Michael Giberson: They are special because we’ve seen whole generations cycle through that diner. We’ve seen young couples get engaged there, have kids. Their kids have worked for us.
Neil Andersen: Then they have kids.
Michael Giberson: We’ve heard so many stories from people, tell us how special it is to come to the diner as a child and then come as a teenager and come as an adult. I mean myself, I hung out in that diner, it was the junior high after school hangout when I was a kid, because you’d go in there with very little money and you’d get a coke and you’d play the juke box and you’d get some french fries, and that was the place to be.
Lisa Belisle: What is it about your diner that keeps people, aside from obviously the social element and the culture of it, what keeps them coming back? What’s the mystique of the diner?
Neil Andersen: Food. Let’s say first and foremost, I think, food. I think we serve good food, and we serve honest food. We have a great variety of things. I think we’ve sort of found that sweet spot between diner classics and interesting contemporary food. It’s a restaurant, people come there to eat, most importantly.
Michael Giberson: It’s important to have a variety. We have everything you’d expect to find in a diner, but in a small town in Maine, in midwinter, you have to do everything you can to encourage every customer to come in. Having a real variety on the menu does that, and keeping it fresh.
Neil Andersen: Yeah, and vegetarian food, ethnic food, regional food. That’s something that we were always interested in. That was, we knew from the start that what we would have to do to keep us interested and to keep us there we couldn’t just do the standards. We had to hopefully step it up a little bit.

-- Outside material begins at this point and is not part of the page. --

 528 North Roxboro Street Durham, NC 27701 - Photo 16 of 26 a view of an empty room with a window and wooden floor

Michael Giberson: Plus we watched my dad struggle because his business was kind of dying because it was very traditional. His clientele was elderly. His biggest time of the month was when social security checks came out. We obviously knew we had to change that business model in order to succeed. We managed to do it. First, we just kind of tweaked his menu and made better quality of what he was doing. Then we started introducing our own type of cooking.
Lisa Belisle: If someone were to visit the diner today and, say as a vegetarian myself, and I haven’t been to the diner for a few years now, but what could I expect to see there?

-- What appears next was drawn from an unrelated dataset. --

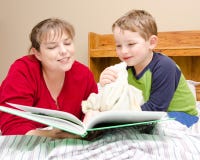 Mother reads bedtime story to young boy stock photo Mother reads bedtime story to young boy stock photo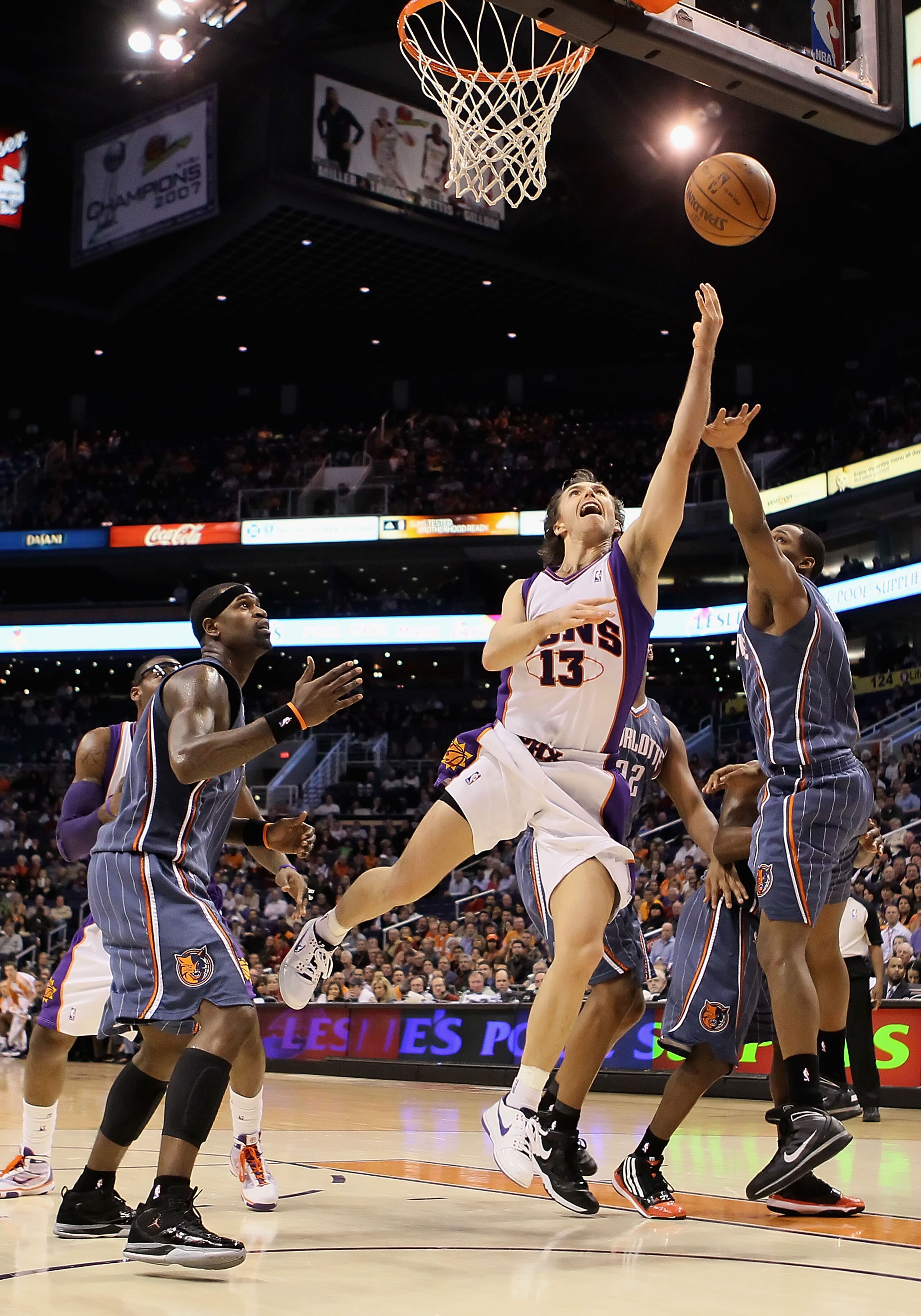 PHOENIX - JANUARY 26:  Steve Nash #13 of the Phoenix Suns lays up a shot against the Charlotte Bobcats during the NBA game at US Airways Center on January 26, 2010 in Phoenix, Arizona. The Bobcats defeated the Suns in overtime 114-109.  NOTE TO USER: User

Michael Giberson: Well there’s always the ever-changing menu boards on the wall, and they have a bunch of vegetarian stuff on them usually. There’s a lot of vegetarian stuff just permanently on the menu. There’s some Asian noodle dishes. There’s a variety of salads. There’s a veggie burger. Then a lot of the soups are vegetarian, and of course we try to keep a lot of the specials vegetarian too. Because even though there’s a ton of carnivores in the world, even the carnivores want to eat less meat now. They like to mix it up just because they know it’s healthier.
Neil Andersen: There’s always curries, vegetable stews, we’ve got these Gorgonzola rice cakes that have grilled Portobello mushrooms on them. There’s all sorts of stuff.
Lisa Belisle: Well, now I can’t believe I haven’t been there in a while.
Neil Andersen: We can’t either actually.
Lisa Belisle: Exactly. I’m going to have to make a trip up there very soon, just to have the vegetarian food. Now a lot of people know Gardiner as, it’s kind of a place in between. There’s a lot of people who will drive through, and obviously you can’t really drive through Gardiner without seeing the A 1 Diner. To you, Michael, this is it, this is where you were born, this is where you’re originally from, you spent the first 17 years there and then you’ve come back there. Neil, you’ve made a conscious decision to be there.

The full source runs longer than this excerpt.